*Information given*
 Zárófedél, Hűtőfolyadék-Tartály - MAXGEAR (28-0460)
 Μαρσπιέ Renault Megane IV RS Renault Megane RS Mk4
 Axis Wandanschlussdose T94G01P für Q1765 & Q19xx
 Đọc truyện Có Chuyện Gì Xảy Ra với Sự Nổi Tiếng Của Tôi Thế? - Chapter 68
...
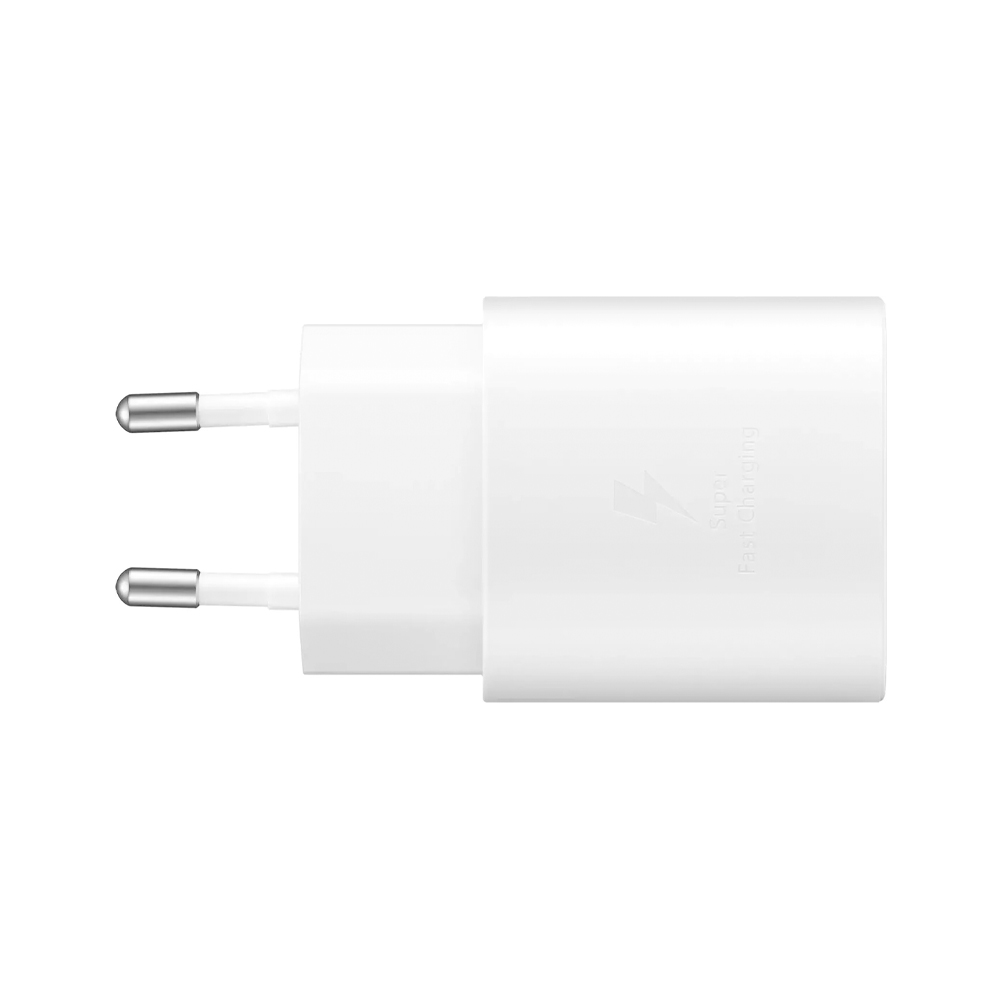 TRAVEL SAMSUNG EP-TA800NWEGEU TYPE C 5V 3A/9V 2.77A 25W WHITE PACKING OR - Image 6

*Task description*
Would you copy, unchanged, the stretch of the records above that begins at the line containing "Zárófedél, Hűtőfolyadék-Tartály - MAXGEAR" and ends at the line containing "Đọc truyện Có", and only that?

*Solution for this task*
 Zárófedél, Hűtőfolyadék-Tartály - MAXGEAR (28-0460)
 Μαρσπιέ Renault Megane IV RS Renault Megane RS Mk4
 Axis Wandanschlussdose T94G01P für Q1765 & Q19xx
 Đọc truyện Có Chuyện Gì Xảy Ra với Sự Nổi Tiếng Của Tôi Thế? - Chapter 68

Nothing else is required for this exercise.